### DATA LISTING ###

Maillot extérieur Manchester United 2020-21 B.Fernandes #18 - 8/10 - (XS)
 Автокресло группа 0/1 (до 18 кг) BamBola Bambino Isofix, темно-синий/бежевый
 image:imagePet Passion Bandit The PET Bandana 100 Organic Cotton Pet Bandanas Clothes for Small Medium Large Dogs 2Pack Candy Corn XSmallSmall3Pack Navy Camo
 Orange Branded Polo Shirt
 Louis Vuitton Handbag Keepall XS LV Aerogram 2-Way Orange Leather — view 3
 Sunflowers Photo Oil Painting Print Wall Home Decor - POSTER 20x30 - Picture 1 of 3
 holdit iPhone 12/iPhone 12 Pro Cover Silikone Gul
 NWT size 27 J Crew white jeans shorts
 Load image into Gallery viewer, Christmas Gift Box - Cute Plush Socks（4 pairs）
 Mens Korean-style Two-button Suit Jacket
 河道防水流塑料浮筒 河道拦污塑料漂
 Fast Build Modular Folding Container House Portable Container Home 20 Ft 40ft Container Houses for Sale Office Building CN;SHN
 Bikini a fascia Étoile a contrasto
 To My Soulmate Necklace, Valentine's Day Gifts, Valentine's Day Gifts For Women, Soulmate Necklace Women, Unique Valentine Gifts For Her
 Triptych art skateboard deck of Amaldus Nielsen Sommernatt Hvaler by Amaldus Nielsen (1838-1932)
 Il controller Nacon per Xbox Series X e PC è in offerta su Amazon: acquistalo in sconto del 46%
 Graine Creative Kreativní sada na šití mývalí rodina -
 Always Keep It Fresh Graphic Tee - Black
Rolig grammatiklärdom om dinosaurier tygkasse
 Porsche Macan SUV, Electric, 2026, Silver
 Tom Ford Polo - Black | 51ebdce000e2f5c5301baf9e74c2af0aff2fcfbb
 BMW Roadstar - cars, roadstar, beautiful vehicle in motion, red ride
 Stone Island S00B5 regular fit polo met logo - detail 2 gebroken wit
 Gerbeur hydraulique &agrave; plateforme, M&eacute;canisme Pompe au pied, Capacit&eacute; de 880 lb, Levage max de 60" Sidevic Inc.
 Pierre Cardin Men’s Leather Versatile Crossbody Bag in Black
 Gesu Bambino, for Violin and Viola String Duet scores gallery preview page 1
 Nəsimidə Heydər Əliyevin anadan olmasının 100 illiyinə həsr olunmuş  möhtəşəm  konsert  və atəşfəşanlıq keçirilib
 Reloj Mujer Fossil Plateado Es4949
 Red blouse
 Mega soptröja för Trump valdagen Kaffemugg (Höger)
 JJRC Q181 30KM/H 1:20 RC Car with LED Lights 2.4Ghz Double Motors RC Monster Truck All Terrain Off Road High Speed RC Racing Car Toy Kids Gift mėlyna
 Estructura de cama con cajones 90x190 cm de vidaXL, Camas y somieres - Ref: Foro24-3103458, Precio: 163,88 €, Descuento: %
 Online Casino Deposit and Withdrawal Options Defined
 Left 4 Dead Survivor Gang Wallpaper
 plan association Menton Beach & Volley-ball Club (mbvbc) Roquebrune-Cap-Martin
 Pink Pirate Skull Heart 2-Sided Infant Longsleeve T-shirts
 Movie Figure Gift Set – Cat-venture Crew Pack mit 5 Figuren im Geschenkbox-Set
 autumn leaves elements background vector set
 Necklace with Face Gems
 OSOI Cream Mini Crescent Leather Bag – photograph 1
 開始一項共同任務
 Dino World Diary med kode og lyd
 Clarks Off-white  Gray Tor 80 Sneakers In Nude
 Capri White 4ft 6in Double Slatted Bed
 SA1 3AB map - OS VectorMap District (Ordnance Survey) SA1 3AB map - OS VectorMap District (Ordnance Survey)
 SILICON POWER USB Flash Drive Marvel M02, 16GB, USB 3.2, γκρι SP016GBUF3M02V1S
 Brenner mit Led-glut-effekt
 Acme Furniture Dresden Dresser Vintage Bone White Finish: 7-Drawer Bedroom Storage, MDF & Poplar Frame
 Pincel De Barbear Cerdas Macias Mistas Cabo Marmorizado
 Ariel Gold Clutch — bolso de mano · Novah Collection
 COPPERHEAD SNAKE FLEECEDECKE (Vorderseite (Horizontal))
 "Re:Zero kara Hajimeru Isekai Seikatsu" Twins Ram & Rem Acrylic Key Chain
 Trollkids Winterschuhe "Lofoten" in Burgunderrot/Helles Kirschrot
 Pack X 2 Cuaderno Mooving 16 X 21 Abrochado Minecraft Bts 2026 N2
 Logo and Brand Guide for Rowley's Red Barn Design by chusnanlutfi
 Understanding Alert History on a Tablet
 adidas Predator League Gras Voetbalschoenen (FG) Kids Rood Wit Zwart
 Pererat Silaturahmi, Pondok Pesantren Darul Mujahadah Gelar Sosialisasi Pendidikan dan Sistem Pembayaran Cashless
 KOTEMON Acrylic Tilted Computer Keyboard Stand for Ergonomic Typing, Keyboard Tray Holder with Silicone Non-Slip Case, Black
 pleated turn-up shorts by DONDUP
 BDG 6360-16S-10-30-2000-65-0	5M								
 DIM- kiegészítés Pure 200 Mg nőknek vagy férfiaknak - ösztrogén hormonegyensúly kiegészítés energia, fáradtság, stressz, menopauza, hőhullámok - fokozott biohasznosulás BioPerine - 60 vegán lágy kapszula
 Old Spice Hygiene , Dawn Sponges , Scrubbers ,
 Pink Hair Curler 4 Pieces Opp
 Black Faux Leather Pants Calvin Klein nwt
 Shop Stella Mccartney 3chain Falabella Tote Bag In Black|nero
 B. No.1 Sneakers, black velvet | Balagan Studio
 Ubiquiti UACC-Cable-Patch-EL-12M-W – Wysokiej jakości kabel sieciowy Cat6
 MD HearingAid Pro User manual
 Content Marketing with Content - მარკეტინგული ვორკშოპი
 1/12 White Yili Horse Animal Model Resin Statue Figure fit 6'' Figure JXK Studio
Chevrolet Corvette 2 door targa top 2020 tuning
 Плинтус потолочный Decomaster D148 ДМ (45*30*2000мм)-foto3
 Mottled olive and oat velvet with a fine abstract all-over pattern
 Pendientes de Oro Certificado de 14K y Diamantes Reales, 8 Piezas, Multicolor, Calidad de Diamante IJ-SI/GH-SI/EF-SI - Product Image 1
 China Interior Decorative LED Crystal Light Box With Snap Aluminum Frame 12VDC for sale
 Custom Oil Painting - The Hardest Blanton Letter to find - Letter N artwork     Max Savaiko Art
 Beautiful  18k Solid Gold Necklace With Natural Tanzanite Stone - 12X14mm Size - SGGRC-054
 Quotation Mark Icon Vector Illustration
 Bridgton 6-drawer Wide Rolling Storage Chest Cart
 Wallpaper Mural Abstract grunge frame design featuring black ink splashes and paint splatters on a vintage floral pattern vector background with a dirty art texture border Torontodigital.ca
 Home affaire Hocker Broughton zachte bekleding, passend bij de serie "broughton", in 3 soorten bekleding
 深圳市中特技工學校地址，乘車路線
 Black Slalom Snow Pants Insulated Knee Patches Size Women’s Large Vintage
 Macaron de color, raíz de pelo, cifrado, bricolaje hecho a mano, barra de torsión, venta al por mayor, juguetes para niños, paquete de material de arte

###

WORK REQUEST:
Filter the data down to the lines that contain the string "Double", and copy them.

REPLY:
 JJRC Q181 30KM/H 1:20 RC Car with LED Lights 2.4Ghz Double Motors RC Monster Truck All Terrain Off Road High Speed RC Racing Car Toy Kids Gift mėlyna
 Capri White 4ft 6in Double Slatted Bed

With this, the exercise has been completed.